Government Cuts to Agriculture As USDA Sets the Table

So let’s get the elephant in the room out of the way first. I am writing this the night before one of the 3 biggest USDA reports annually.  The March 30th USDA prospective plantings report is always the starting gun on the new crop year.  This report along with the June 29th USDA actual plantings report and the January report are the big 3 that affect market action.  So if we get 96.2 million acres of corn and 75.2 million acres of soybeans announced from USDA tomorrow, don’t tell anybody I told you so.  As I write this the night before it is all fiction now.

I will have more about the USDA for next week.  Market action over the past week has made it hard to tell whether the report has been released or not.  The May corn futures contract has lost $.70 in about one week.  If that isn’t volatility, I don’t know what it is.

It sure is shaping up to be a corn friendly planting environment over the next 6 weeks.  The new crop corn market is reflecting that, as prices this year have been much lower than were offered last year at this time.  It is not often you get a chance to work ground in March, but this past week I worked over about 80 acres, getting it ready for corn in another 3 weeks.  That was very unusual for me, but if you multiply that across the whole North American Corn Belt, you can see the reason that new crop corn futures have been going lower.  The futures market predicts the future and it thinks there’s going to be a tremendous amount of corn.

So let’s leave that crystal ball until next week. We should have some violent market action on Friday and Monday, but maybe things will settle down after that.  It is a long way until harvest time.

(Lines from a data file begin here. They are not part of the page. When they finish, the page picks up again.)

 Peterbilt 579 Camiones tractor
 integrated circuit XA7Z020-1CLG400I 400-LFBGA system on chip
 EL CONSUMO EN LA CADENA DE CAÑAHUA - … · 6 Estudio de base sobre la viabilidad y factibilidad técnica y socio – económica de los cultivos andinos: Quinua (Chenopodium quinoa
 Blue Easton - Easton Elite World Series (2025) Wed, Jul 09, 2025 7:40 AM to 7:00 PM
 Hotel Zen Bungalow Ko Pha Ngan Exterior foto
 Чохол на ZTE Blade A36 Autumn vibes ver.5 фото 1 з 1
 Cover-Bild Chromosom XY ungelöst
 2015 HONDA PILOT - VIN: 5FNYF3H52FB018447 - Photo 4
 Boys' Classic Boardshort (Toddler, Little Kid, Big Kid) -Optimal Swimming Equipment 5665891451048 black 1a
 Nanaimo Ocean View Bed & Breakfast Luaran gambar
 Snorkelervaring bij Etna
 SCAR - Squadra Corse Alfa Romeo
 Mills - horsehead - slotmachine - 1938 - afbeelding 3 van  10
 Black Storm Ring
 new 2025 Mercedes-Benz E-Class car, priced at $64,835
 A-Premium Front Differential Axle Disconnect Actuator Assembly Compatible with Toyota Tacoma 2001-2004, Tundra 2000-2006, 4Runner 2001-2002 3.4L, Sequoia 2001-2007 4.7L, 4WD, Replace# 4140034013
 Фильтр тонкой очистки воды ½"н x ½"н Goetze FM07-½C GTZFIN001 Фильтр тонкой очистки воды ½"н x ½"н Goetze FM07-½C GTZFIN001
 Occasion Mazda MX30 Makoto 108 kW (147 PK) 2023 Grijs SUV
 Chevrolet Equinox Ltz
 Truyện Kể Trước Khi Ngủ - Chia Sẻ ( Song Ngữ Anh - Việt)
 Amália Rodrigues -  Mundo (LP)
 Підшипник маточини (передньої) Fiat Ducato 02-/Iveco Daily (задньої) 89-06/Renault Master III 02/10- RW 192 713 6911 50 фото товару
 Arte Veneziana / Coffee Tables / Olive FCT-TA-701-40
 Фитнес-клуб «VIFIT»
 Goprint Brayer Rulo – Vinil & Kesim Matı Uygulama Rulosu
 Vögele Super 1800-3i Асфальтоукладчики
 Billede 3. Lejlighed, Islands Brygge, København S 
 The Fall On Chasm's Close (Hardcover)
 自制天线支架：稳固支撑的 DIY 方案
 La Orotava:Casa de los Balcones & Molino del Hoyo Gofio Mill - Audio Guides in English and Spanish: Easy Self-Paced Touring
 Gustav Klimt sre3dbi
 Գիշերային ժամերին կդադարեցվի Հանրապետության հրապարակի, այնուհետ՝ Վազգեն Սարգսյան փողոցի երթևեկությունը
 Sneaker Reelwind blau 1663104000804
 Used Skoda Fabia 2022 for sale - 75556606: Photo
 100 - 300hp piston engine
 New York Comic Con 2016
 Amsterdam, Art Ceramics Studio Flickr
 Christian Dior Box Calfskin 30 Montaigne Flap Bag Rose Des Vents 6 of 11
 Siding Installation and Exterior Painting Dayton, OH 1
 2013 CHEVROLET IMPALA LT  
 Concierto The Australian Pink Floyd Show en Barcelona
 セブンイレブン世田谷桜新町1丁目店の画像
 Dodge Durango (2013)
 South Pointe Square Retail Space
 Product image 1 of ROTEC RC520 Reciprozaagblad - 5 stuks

In the meantime there is been no shortage of news regarding agriculture in Canada.  Today, the federal government released its budget for 2012.  We found out that the government is cutting $5.2 billion of government spending.  Remarkably, the agriculture department is facing the deepest cuts of any federal department being reduced 9.02% into 2014/15.  This represents a reduction in spending of $309.7 million.  If you ever had hope that the federal government was going to contribute to Ontario’s risk management program, you can forget about that now.  Federal expenditure on agriculture continues to decline and seems to be accelerating.

The specter that cuts were coming was not unexpected.  The Harper government has been spending money like drunken sailors over the last couple of years, partly in response to address the financial meltdown of 2008.  The stimulus funding has to be paid back some time, as there were cuts across the board.  I don’t know how agriculture seem to get the biggest percentage but it may reflect the fact that agriculture minister Gerry Ritz doesn’t get it.  I am clearly in that camp.  How could he face farmers and actually defend this?  It does not add up to me.

Of course $309 million dollars in cuts to agriculture pales in comparison with the 1.1 billion dollars cut to the Department of National Defense.  I could go on and on.  We are losing our Canadian penny, getting a new national park near Toronto and also seeing a 10% reduction in CBC funding into 2014/2015.  It is what it is, and at the end of the day Canada’s net debt to GDP ratio is at 36.6%, the lowest of any G7 country.

To top it off this week we also had the provincial budget in Ontario.  Once again we saw wide service cuts to agriculture and many other ministries.  Telling in the cuts to agriculture was the risk management program, much fought for over the years by Ontario farmers.  It is being cut, ignominiously, with a lame excuse that they are giving up trying to get the federal government to help fund it.  It will last for another year but then will be gone.  I can remember standing out in the snow at several farm rallies fighting to get that program.  Now it is leaving the scene and we are starting all over again.  There’s something wrong with that picture.

It sets up an interesting situation.  The Friday USDA report may be very bearish, piling on a very bearish week.  There is a chance grain prices may go down to cost of production levels again.  Then we’ll need that safety net we have fought so hard for.  However, now it’s gone.  Some things just go round and round.

In many ways that echoes from times past and maybe we don’t want to go there.  Despite the recent losses in corn and wheat, the world is still demanding grain.  This may be even a tipping point.  Who knows?  The USDA gives and takes away.  Ditto with government.  The hard part is when it happens at the same time.